EXERCISE OBJECTIVE: Write the listing below out again in full, dropping its pictures.

DATA SHOWN:

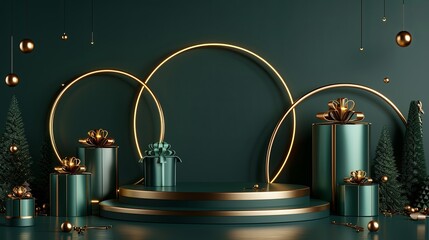 Elegant rendering of gift boxes, glowing arches, gold palette, and ceramics on green backdrop.
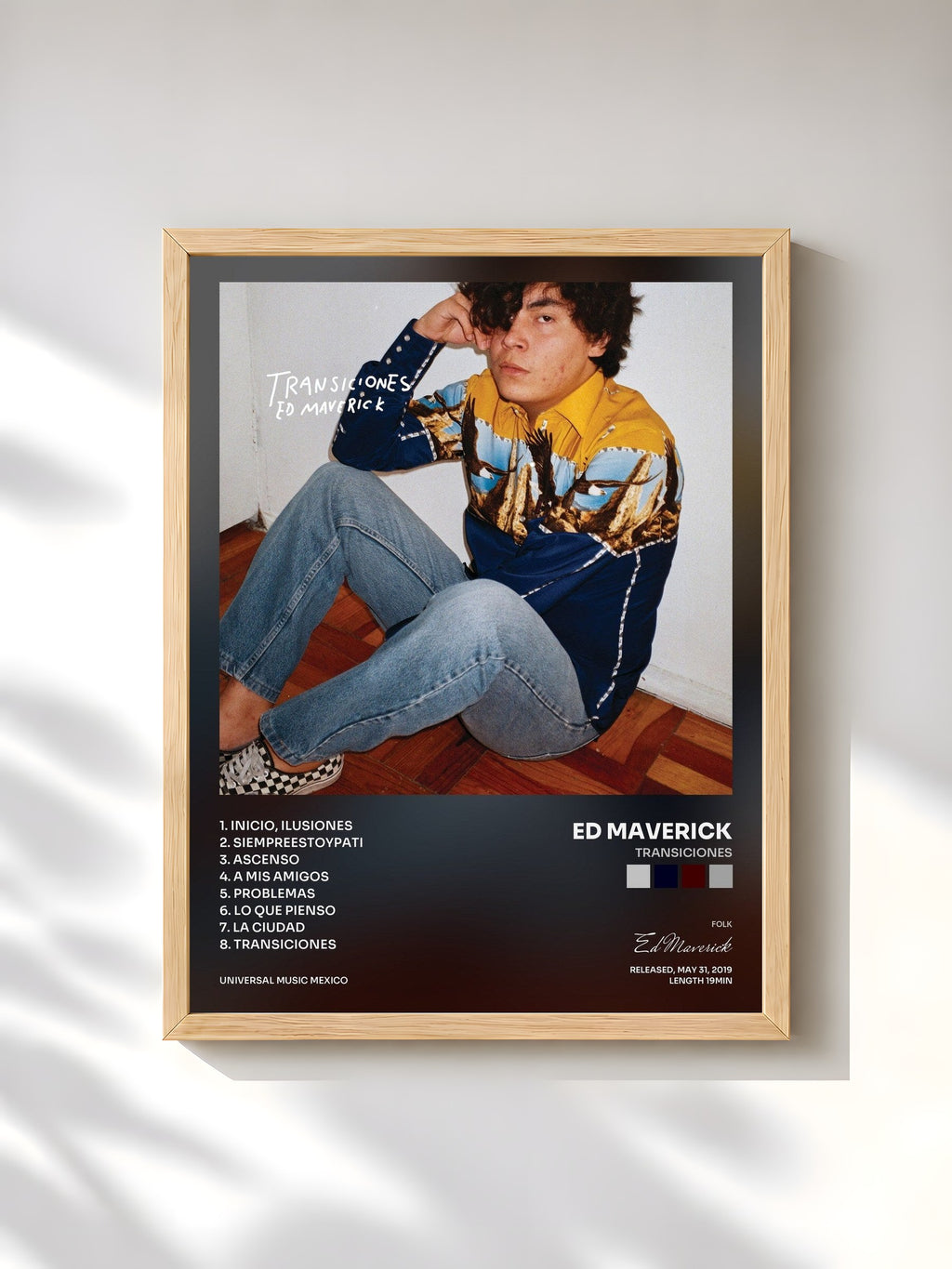 #bois Tableau de l'album Transiciones de Ed Maverick, cadre en bois brut, imprimé et encadré en France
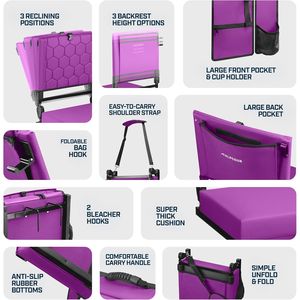 Folding Reclining Stadium <b>Chair</b> with Back Support for Bleachers - Product Image 4
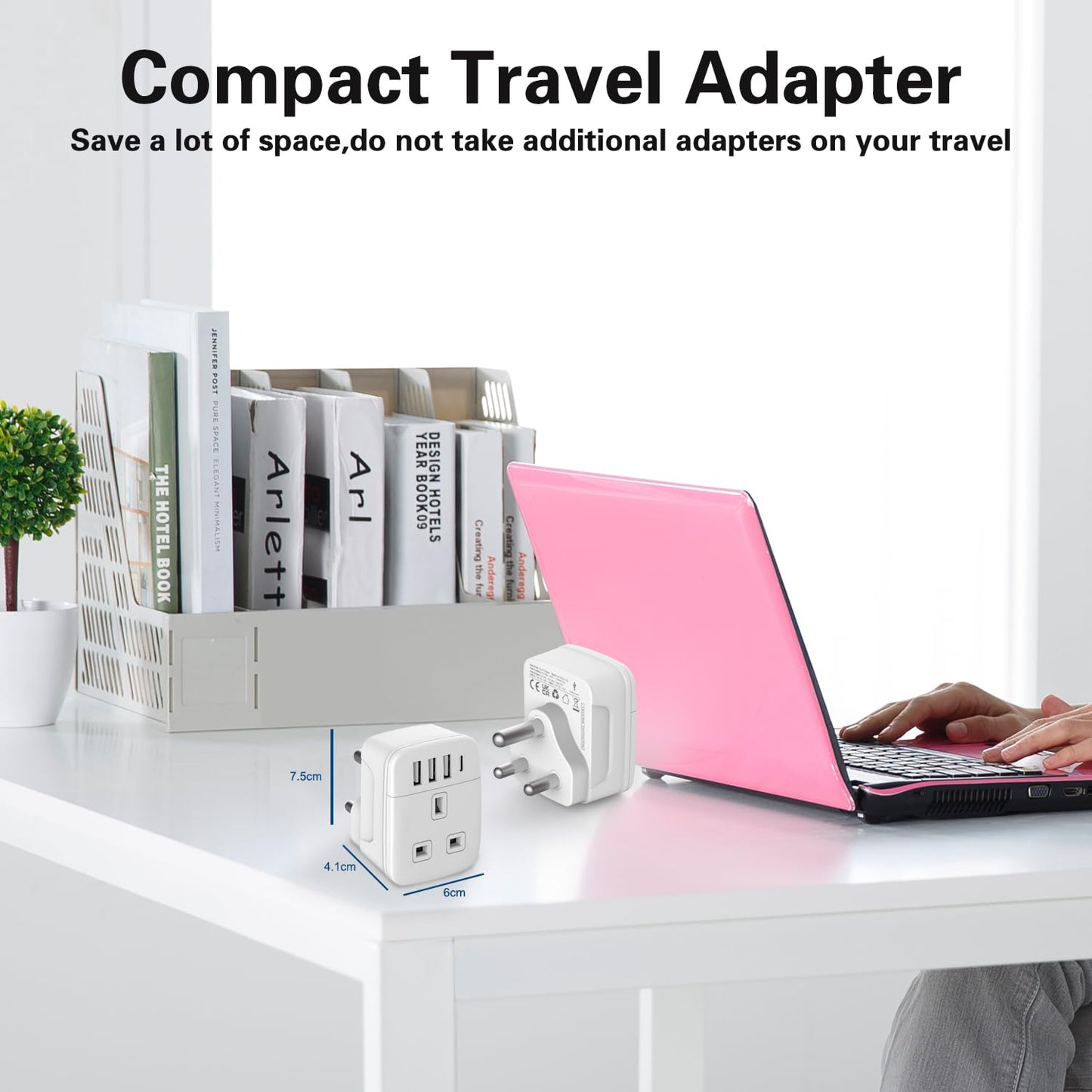 Amoi UK to South Africa Plug Adapter,Grounded Type M South Africa Plug Adapter, with 4 USB Ports 17W USB C Fast Travel Charger, Africa,Namibia, Swaziland, Lesotho, Bhutan,Botswana(Type M)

SOLUTION BELOW:
 Elegant rendering of gift boxes, glowing arches, gold palette, and ceramics on green backdrop.
 #bois Tableau de l'album Transiciones de Ed Maverick, cadre en bois brut, imprimé et encadré en France
 Folding Reclining Stadium <b>Chair</b> with Back Support for Bleachers - Product Image 4
 Amoi UK to South Africa Plug Adapter,Grounded Type M South Africa Plug Adapter, with 4 USB Ports 17W USB C Fast Travel Charger, Africa,Namibia, Swaziland, Lesotho, Bhutan,Botswana(Type M)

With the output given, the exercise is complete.